Planned Parenthood, the nation’s single largest abortion provider, has been at the center of flare-ups in Congress over abortion, health care, and federal funding since Republicans took control of the House of Representatives seven years ago.

Their work during the health care debate this year, said Robinson, reaffirmed the “grassroots-first” mentality set in November, but left the group seeking more long-term organizing.

“Now we’re ready to turn to a different phase,” she said.

The training work itself won’t exactly be a departure for Planned Parenthood. The group has trained thousands of “patient advocates” to deploy personal testimony in support of the Affordable Care Act and Planned Parenthood clinics, and hosted “Power of Pink” trainings for supporters. The “curriculum” they plan to use next month will be an updated version of one used they’ve used before, though never at a program of this scale.

“We’ve always had local organizers, activists, supporters, but not 1 million new supporters who are ready to come out and do the organizing work,” said Kersha Deibel, the group’s director of constituency organizing.

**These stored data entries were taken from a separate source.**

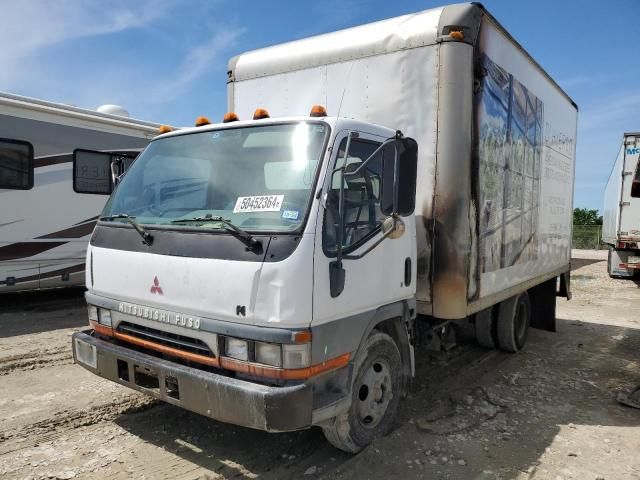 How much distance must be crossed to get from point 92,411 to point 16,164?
512cm

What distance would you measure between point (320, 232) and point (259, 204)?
45cm

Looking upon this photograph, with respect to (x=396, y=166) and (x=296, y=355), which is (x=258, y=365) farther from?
(x=396, y=166)

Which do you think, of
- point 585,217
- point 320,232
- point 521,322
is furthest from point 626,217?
point 585,217

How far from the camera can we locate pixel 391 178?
3205mm

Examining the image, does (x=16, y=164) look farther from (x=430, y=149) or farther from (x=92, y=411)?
(x=430, y=149)

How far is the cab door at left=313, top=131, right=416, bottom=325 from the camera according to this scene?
2969 millimetres

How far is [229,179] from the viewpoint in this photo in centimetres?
334

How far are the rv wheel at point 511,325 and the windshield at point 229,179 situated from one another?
4133mm

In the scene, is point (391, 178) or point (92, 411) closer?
point (391, 178)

The 600 volunteer leaders, able to collaborate with local Planned Parenthood staff, will be autonomous, said Ganjaie, the Seattle-based field organizer, who has been helping plan the bootcamp trainings and identify top-tier volunteers to attend.

At each of the four gatherings, planned for Seattle, Phoenix, Charlotte, and Oklahoma City, around 250 hand-picked volunteers will undergo three days of trainings, covering digital programs, protests, congressional town halls, and the more basic work of building volunteer structures. Planned Parenthood will equip volunteers with online tools like phone banks and webinars, an official said, as well as “lots of pink materials, including shirts” — uniform of the “pink army” known to appear at rallies and protests.

As it stands, 600 of the 1,000 expected attendees will be chosen as volunteer leaders.

“We’re looking to pick out volunteer leaders who have naturally demonstrated leadership, folks who are already organizing on their own time,” said Ganjaie.

And after that, she said, they go home and “continue organizing.”